**Stored entries**

- Opening Delimiter -

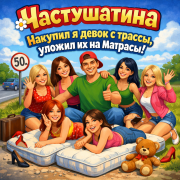 Частушатина - Накупил я девок с трассы, уложил их на матрасы!
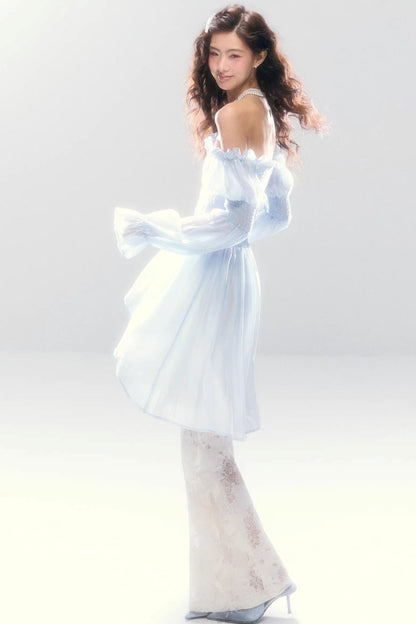 Misty French Ruched Dress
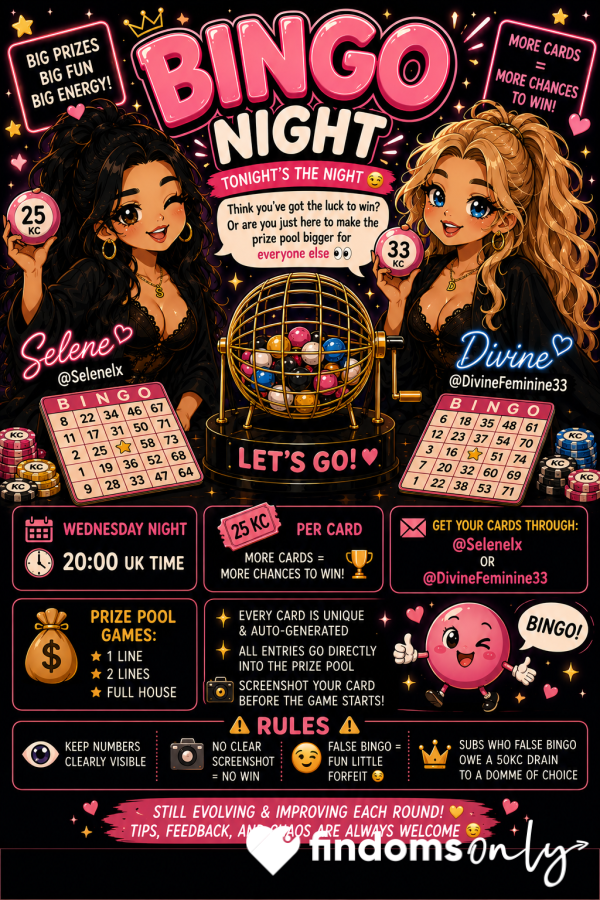 🎉 BINGO NIGHT 🎉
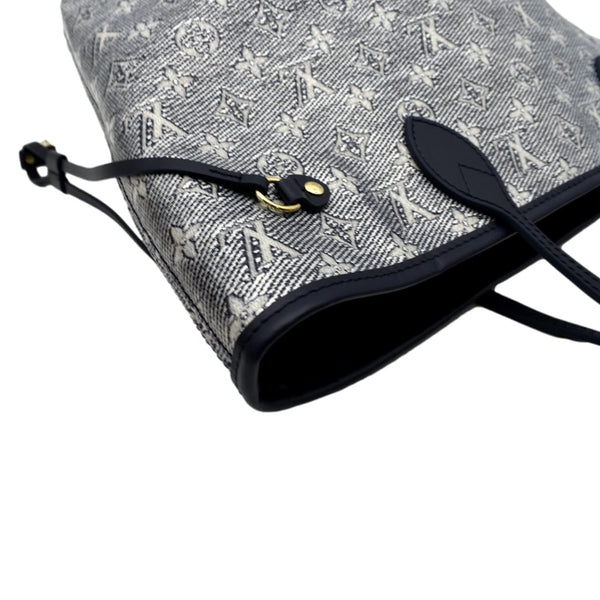 LOUIS VUITTON Neverfull MM Autres Toiles Monogram Canvas Tote Bag Metallic Chrome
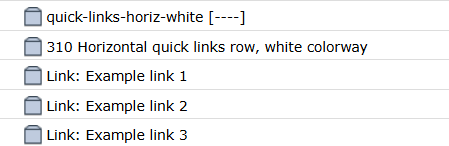 Screenshot of the Tridion page-building interface, showing one flex row configuration component labeled 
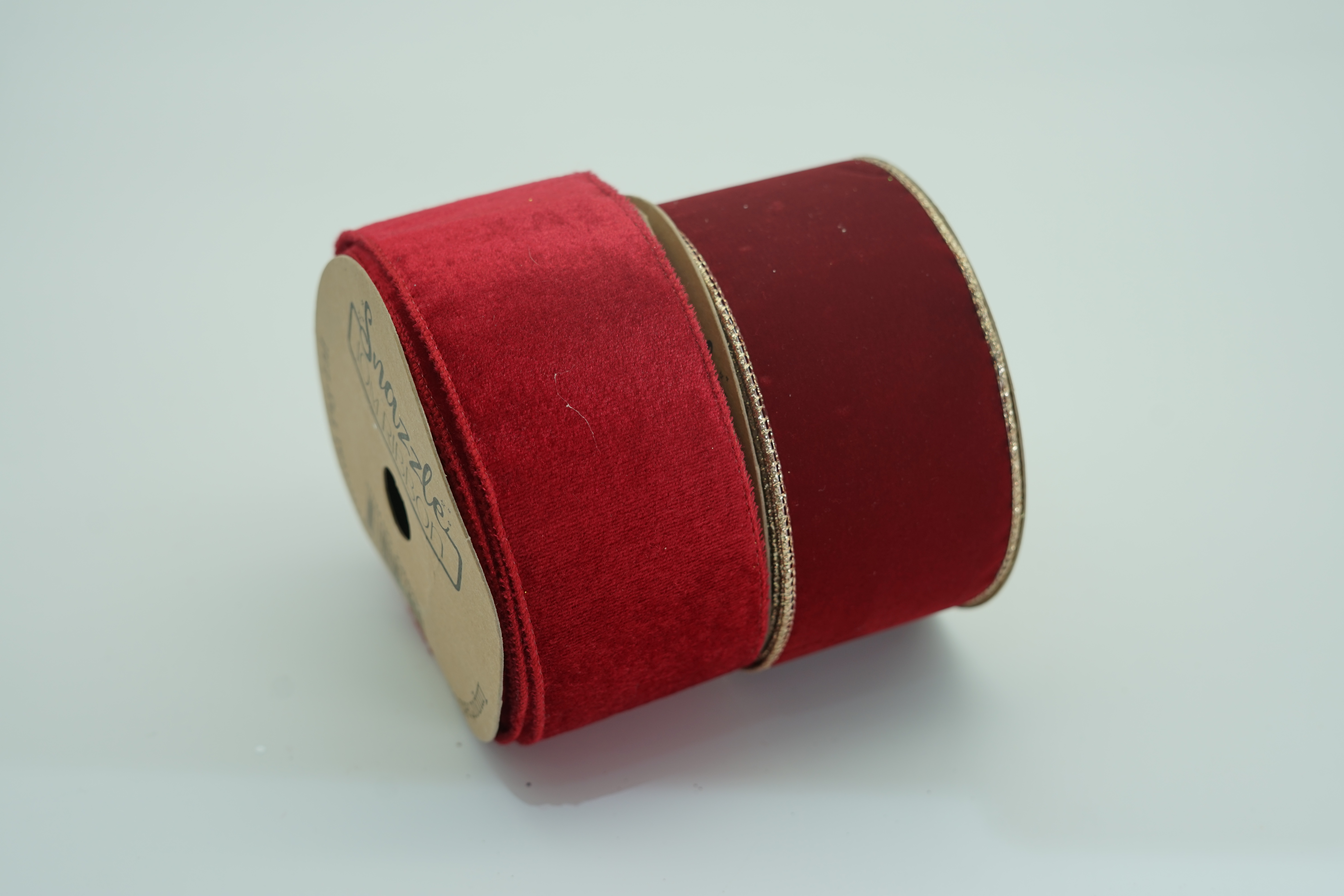 秋硕工艺 0842 鲜花包装纸 圣诞树装饰  礼品包装 百变圣诞树装饰罗纹织带现货批发烫金红绿飘彩带2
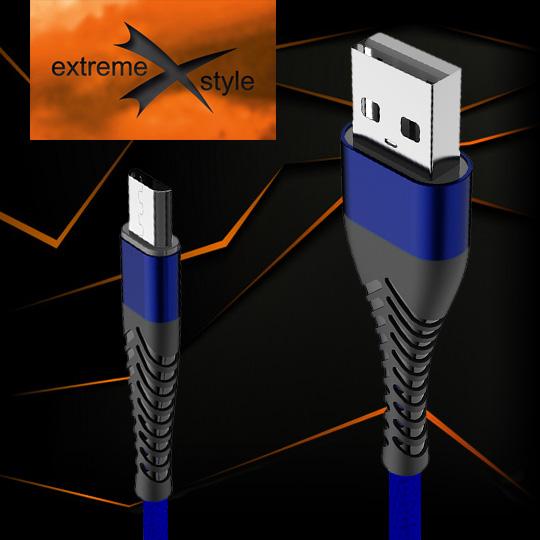 Kabel USB extreme Spider 3A 1,5m MicroUSB niebieski KAZAM Tornado 348 / 2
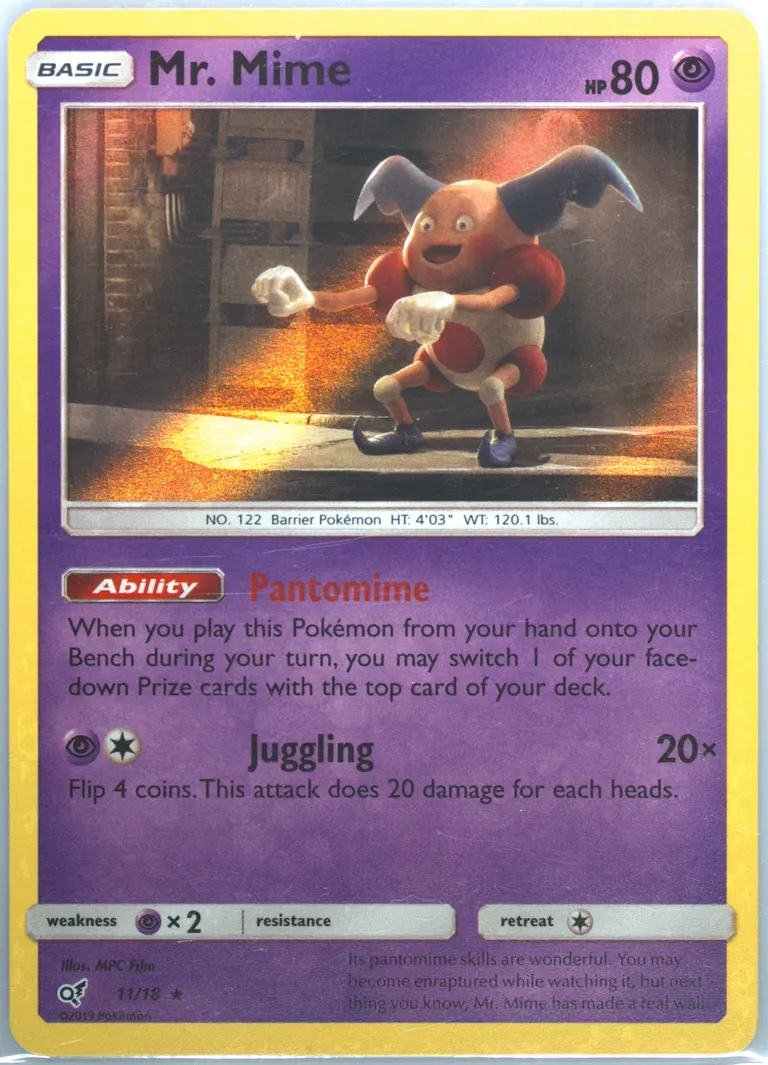 Mr. Mime card photo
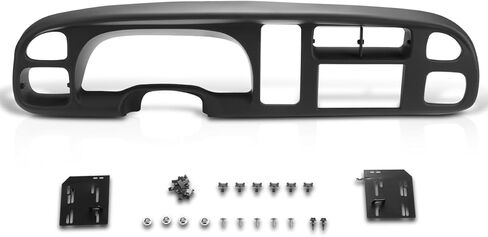 Front Double Din Dash Kit Compatible with 98-01 Ram 1500/98-02 Ram 2500 3500,Matte Black in Saudi Arabia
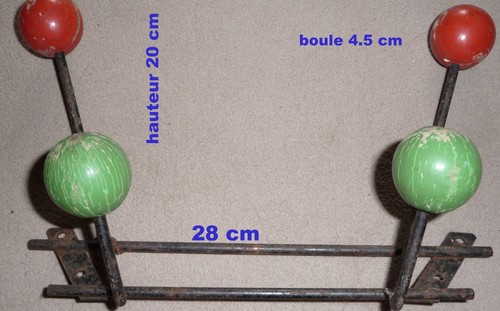 Porte manteau boule bois - porte-manteau,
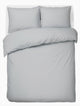 Hush. living hush living duvet cover - 100% cotton - 144tc - flexible and breathable - 200x220+20cm - 2 x 60x70cm pillowcases - with mounting loops - light gray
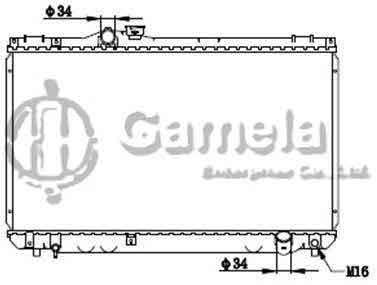 6192025209-T - Radiator-for-TOYOTA-CRESSIDA-GX100-96-98-MT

- Closing Delimiter -

From the line that contains "Hush. living hush" down to the last line of the entries above, copy every line exactly and leave out the pictures.

 Hush. living hush living duvet cover - 100% cotton - 144tc - flexible and breathable - 200x220+20cm - 2 x 60x70cm pillowcases - with mounting loops - light gray
 6192025209-T - Radiator-for-TOYOTA-CRESSIDA-GX100-96-98-MT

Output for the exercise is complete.